I know it doesn't mean it's not dangerous, but this article made me feel better.

[–] MangoCats@feddit.it 2 points 2 hours ago

A gun isn't dangerous, if you handle it correctly.

Same for an automobile, or aircraft.

If we build powerful AIs and put them "in charge" of important things, without proper handling they can - and already have - started crashing into crowds of people, significantly injuring them - even killing some.

[–] AcidiclyBasicGlitch@sh.itjust.works 6 points 10 hours ago* (last edited 9 hours ago)

It's only as intelligent as the people that control and regulate it.

Given all the documented instances of Facebook and other social media using subliminal emotional manipulation, I honestly wonder if the recent cases of AI chat induced psychosis are related to something similar.

Like we know they're meant to get you to continue using them, which is itself a bit of psychological manipulation. How far does it go? Could there also be things like using subliminal messaging/lighting? This stuff is all so new and poorly understood, but that usually doesn't stop these sacks of shit from moving full speed with implementing this kind of thing.

It could be that certain individuals have unknown vulnerabilities that make them more susceptible to psychosis due to whatever manipulations are used to make people keep using the product. Maybe they're doing some things to users that are harmful, but didn't seem problematic during testing?

Or equally as likely, they never even bothered to test it out, just started subliminally fucking with people's brains, and now people are going haywire because a bunch of unethical shit heads believe they are the chosen elite who know what must be done to ensure society is able to achieve greatness. It just so happens that "what must be done," also makes them a ton of money and harms people using their products.

It's so fucking absurd to watch the same people jamming unregulated AI and automation down our throats while simultaneously forcing traditionalism, and a legal system inspired by Catholic integralist belief on society.

If you criticize the lack of regulations in the wild west of technology policy, or even suggest just using a little bit of fucking caution, then you're trying to hold back progress.

However, all non-tech related policy should be based on ancient traditions and biblical text with arbitrary rules and restrictions that only make sense and benefit the people enforcing the law.

What a stupid and convoluted way to express you just don't like evidence based policy or using critical thinking skills, and instead prefer to just navigate life by relying on the basic signals from your lizard brain.
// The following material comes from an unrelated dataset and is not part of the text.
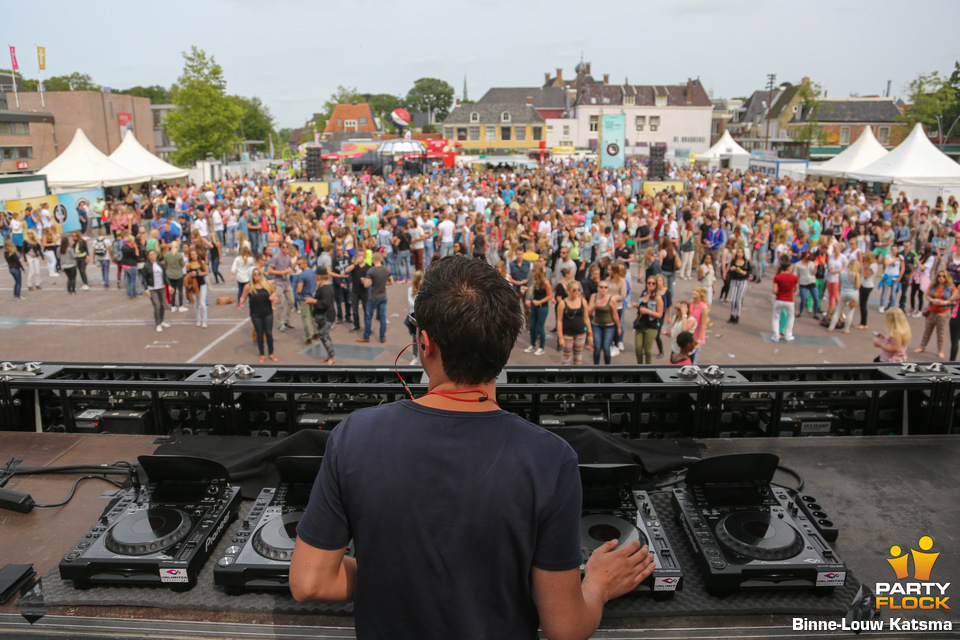 foto Dancetour Leeuwarden, 14 juli 2013, Oldehoofsterkerkhof, met Quintino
Feels good so keep moving towards, feels bad so run away, or feels scary so attack!

Such is the reality of the chosen elite, steering us towards greatness.

What's really "funny" (in a we're all doomed sort of way) is that while writing this all out, I realized the "chosen elite" controlling tech and policy actually perfectly embody the current problem with AI and bias.

Rather than relying on intelligence to analyze a situation in the present, and create the best and most appropriate response based on the information and evidence before them, they default to a set of pre-concieved rules written thousands of years ago with zero context to the current reality/environment and the problem at hand.